This project focuses on training a deep learning model to classify fresh and rotten fruits using transfer learning, data augmentation, and fine-tuning techniques. The model is built upon a VGG16 base model pretrained on ImageNet and customized to fit the specific fruit classification task. It aims to achieve a validation accuracy of 92% or higher.
The dataset consists of six categories of fruits: fresh apples, fresh oranges, fresh bananas, rotten apples, rotten oranges, and rotten bananas. Each image is normalized and undergoes data augmentation using techniques such as rotation, shifting, shearing, zooming, and flipping.

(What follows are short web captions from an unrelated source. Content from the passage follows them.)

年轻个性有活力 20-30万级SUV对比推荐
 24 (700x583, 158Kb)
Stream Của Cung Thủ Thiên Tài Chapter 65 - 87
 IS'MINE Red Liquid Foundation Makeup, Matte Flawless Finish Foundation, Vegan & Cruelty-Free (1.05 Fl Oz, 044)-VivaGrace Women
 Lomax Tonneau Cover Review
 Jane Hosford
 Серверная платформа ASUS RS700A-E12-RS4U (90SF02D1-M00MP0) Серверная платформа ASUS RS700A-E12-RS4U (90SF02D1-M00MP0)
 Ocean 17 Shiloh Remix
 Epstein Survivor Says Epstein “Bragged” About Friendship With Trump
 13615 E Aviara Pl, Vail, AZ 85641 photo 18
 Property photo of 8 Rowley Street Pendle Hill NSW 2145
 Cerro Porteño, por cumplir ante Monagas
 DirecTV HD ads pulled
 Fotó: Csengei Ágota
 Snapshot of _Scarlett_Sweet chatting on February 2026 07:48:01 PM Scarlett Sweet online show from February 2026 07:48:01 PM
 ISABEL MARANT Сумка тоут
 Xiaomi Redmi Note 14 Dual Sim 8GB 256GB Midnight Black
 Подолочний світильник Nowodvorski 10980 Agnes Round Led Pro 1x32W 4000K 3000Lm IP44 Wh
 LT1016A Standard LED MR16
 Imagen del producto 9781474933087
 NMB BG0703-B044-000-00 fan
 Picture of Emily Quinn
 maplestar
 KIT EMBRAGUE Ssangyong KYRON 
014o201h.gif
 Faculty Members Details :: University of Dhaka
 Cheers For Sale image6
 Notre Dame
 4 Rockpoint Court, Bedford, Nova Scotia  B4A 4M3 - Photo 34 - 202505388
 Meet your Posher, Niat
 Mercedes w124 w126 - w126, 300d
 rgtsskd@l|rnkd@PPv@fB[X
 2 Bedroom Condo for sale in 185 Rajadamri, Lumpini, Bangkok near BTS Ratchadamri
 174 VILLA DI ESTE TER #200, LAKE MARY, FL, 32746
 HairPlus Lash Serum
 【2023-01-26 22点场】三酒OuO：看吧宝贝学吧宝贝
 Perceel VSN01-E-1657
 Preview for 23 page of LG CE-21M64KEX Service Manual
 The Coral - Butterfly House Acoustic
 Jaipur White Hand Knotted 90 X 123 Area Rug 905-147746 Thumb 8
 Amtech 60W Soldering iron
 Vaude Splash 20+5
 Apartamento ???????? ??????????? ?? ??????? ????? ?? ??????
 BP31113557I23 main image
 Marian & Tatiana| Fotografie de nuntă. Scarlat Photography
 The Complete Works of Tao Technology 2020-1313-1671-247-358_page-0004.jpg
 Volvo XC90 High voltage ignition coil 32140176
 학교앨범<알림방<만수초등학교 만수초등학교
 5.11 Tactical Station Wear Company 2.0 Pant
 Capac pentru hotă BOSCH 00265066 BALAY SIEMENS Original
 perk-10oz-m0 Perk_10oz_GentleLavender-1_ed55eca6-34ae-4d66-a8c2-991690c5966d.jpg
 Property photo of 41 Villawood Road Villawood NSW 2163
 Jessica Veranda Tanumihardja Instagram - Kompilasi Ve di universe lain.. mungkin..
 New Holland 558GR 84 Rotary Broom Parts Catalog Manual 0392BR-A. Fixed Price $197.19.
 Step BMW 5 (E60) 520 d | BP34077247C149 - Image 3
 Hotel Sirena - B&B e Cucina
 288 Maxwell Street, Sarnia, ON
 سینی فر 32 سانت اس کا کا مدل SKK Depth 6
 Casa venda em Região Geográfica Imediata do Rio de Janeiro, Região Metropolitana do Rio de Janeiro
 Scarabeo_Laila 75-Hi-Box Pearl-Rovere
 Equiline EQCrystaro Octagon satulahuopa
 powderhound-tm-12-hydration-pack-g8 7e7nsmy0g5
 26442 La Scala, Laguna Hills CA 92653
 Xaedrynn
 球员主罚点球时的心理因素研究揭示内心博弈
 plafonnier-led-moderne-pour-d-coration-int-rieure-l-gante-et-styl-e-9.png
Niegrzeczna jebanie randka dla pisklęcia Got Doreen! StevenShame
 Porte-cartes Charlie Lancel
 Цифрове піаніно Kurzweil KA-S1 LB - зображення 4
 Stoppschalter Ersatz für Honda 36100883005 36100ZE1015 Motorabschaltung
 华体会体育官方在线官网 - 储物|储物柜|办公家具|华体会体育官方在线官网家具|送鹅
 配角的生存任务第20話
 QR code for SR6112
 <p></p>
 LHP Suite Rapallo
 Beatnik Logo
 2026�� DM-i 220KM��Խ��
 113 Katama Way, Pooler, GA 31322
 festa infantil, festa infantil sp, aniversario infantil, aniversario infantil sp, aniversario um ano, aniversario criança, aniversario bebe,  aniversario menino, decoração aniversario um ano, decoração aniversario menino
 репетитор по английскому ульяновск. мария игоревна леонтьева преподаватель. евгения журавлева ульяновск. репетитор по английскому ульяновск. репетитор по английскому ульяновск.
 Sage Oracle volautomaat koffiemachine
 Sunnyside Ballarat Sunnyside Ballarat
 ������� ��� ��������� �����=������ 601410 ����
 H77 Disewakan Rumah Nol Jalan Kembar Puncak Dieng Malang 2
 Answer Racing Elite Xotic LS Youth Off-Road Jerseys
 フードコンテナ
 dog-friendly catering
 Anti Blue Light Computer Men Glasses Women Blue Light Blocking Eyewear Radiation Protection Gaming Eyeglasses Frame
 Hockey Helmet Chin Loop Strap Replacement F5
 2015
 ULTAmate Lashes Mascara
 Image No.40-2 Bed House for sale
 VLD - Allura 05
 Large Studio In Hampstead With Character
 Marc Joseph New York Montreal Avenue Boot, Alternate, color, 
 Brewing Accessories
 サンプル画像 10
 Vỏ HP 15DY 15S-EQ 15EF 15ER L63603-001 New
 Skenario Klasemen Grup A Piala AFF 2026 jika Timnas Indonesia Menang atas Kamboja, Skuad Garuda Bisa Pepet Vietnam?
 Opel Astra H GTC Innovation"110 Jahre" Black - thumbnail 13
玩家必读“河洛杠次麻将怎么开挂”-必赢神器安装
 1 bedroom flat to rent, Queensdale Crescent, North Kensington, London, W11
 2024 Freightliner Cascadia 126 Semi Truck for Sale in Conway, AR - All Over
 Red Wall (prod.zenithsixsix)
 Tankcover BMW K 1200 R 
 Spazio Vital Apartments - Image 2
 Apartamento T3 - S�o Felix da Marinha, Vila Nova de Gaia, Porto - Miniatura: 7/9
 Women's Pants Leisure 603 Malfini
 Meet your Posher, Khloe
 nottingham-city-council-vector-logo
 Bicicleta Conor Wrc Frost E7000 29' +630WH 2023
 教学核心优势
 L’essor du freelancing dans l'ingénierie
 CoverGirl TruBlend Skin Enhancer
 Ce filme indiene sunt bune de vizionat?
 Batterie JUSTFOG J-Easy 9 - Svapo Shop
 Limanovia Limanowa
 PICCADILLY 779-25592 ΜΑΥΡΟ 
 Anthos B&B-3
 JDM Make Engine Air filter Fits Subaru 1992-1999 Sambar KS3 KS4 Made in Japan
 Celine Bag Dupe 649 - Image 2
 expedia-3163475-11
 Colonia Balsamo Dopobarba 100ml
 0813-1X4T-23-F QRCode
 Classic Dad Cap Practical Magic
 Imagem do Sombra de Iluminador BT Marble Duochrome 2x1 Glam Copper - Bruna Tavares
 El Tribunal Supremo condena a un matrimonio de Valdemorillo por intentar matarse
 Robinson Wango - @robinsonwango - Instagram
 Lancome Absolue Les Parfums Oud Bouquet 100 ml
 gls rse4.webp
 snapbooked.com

The model begins with a VGG16 base model with pre-trained weights, followed by a Global Average Pooling layer and a densely connected layer with a softmax activation function. The output layer has six neurons to represent the fruit categories. The base model's layers are initially frozen to retain the pre-trained features, and then fine-tuned with a low learning rate.
The model is trained on the augmented dataset and evaluated on a separate validation dataset. The training process involves multiple epochs and the optimization of the loss function. Once the validation accuracy reaches 92% or higher, the model is evaluated using the evaluate
function to ensure its accuracy.
- Clone this repository:
https://github.com/Amario1306619051/Fruit-ripeness-CNN
- Install the required dependencies:
pip install -r requirements.txt
- Download and organize the dataset into the
data/fruits
directory. - Train the model: Run the Jupyter notebook or Python script provided in the repository.
- Evaluate the model: Run the provided assessment script to assess the model's performance.
The trained model achieved a validation accuracy of [accuracy]% on the fruit classification task. The model's performance can be further improved by experimenting with different base models, hyperparameters, and augmentation techniques.
The dataset used in this project is sourced from Kaggle.